What I thought was really interesting from Amazon’s results was that about half of it’s operating income ($4.2b) came from AWS. I’m not sure what this was historically but that seems incredible to me!
👋 Hi EV team - this 2021 Sunday edition was the last time EV mentioned Bob Healy's Manna drones.
I think Manna deserves a more recent and bigger shout out, especially as they've just announced a partnership with Just Eat in Ireland.
* https://newsroom.justeattakeaway.com/en-WW/247574-from-drones-to-ai-delivering-customer-satisfaction-through-automation
Just Eat users in Dublin "will have the choice to receive their orders from participating partners via drones, which will be deployed from local delivery hubs operated by Manna."
I've discovered Manna late after listening to a recent interview between Bob and Ben Thompson last month. But since EV's last mention of Manna:
- Bob's team has clocked up over 165,000 successful deliveries
- have a scalable business model with a fixed delivery fee that is already margin positive on delivering something that’s trivial as a coffee
- average delivery time is <3 minutes (from loading the drone)

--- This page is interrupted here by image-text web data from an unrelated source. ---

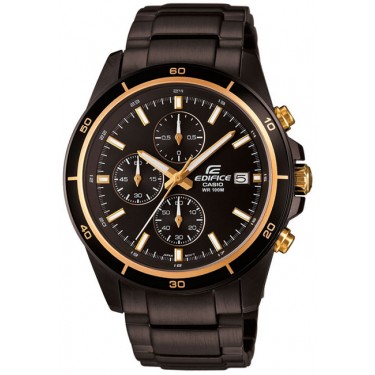 Мужские спортивные наручные часы Casio EFR-526BK-1A9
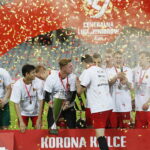 22.05.2019 Kielce. Centralna Liga Juniorów do lat 18. Korona Kielce zdobyła mistrzostwo Polski / Jarosław Kubalski / Radio Kielce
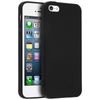 Carcasa Iphone 5 / 5s / Se Protección Silicona Mate – Negro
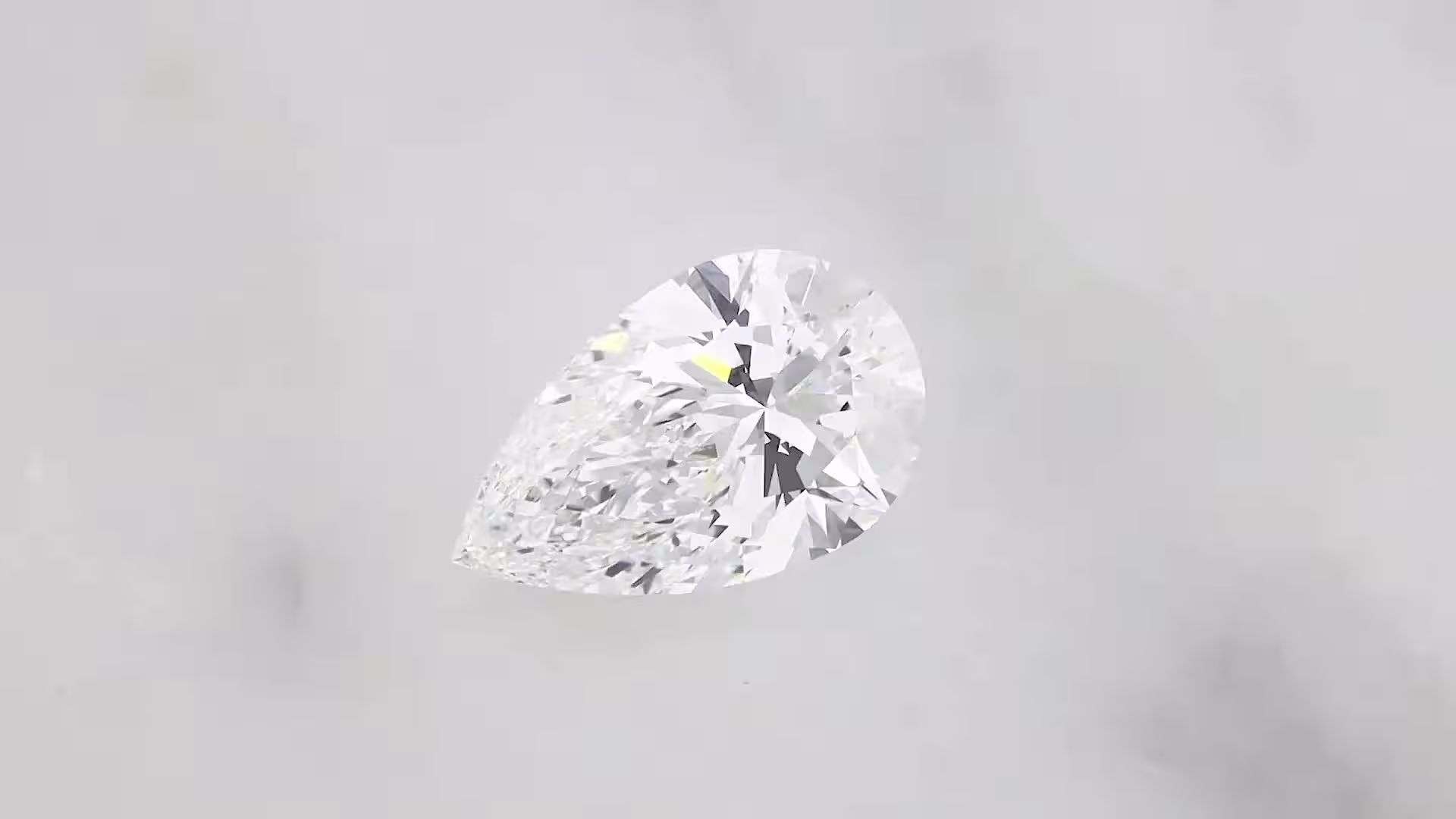 2.80ct E VVS2 Pear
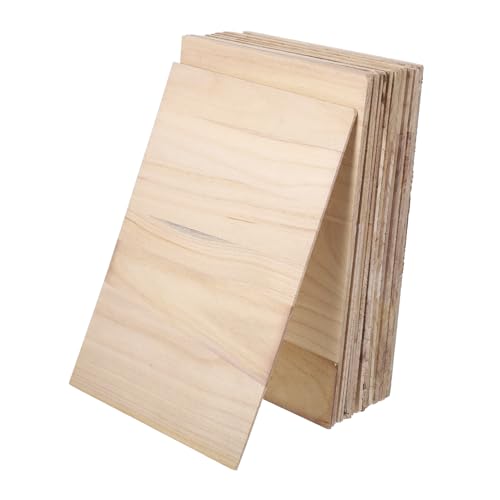 HANABASS 20Pcs Taekwondo Breaking Boards Portable Wooden Training Boards for Martial Arts Practice for Daily Use for Beginners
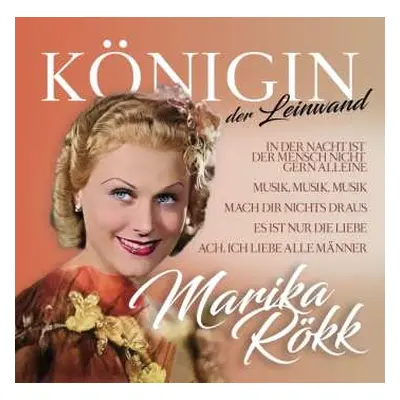 CD Marika Rökk: Königin Der Leinwand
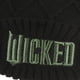 thumbnail image 4 of Gorro Bioworld Wicked Negro con Puño, Perlas y Pompon, 4 of 6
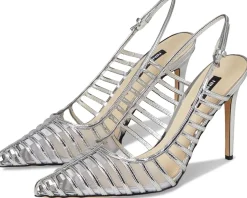 Nine West Filane Silver Mirror Metallic Online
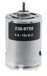 RS PRO Aandrijfmotor tot 154,4 gcm, 4,5 → 15 V dc / 21,2 W, asØ 3,18 mm x 50 mm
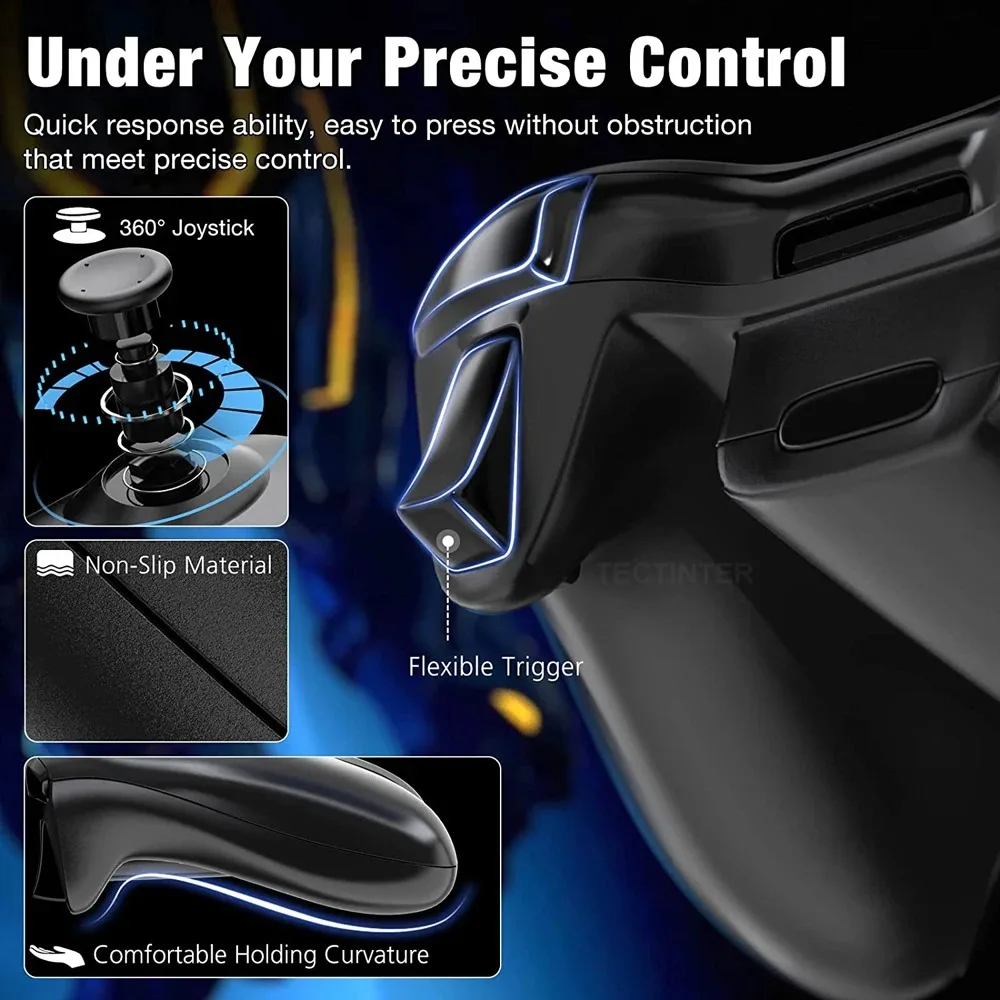 Controller Wireless 2.4G per Console XBOX 360 per Microsoft Gaming Gamepad adatto per PC Windows 7/8/9 con controllo delle vibrazioni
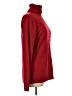 R.Q.T 100% Acrylic Red Turtleneck Sweater Size L - photo 4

- a single Manna drone does 100 deliveries a day and could probably do more than that
- Manna needs less than 100 drones to operate a city of Dublin at 1.1 million people
- being based in Dublin, Manna have actually been enabled by EU regulation/rules which was also signed into law in Jan 2023
--- Result -> they now have a EU-wide license and can scale and go anywhere they want in EU
I hadn't appreciated how far along consumer drone deliveries had advanced until listening to the interview. Drone deliveries now feel like something that could scale up very quickly (not just an Amazon future project!).
It feels like Manna drones could have a truly transformative impact given the speed, low cost and profitability of their existing delivery service. And influence the makeup of cities in the future...if you know you can always get delivery of what you want in 10 minutes, the space and lower cost of suburban living may seem even more attractive versus urban living.
I think Manna might be one of Europe's most underrated tech companies! Definitely worth more of a shout out!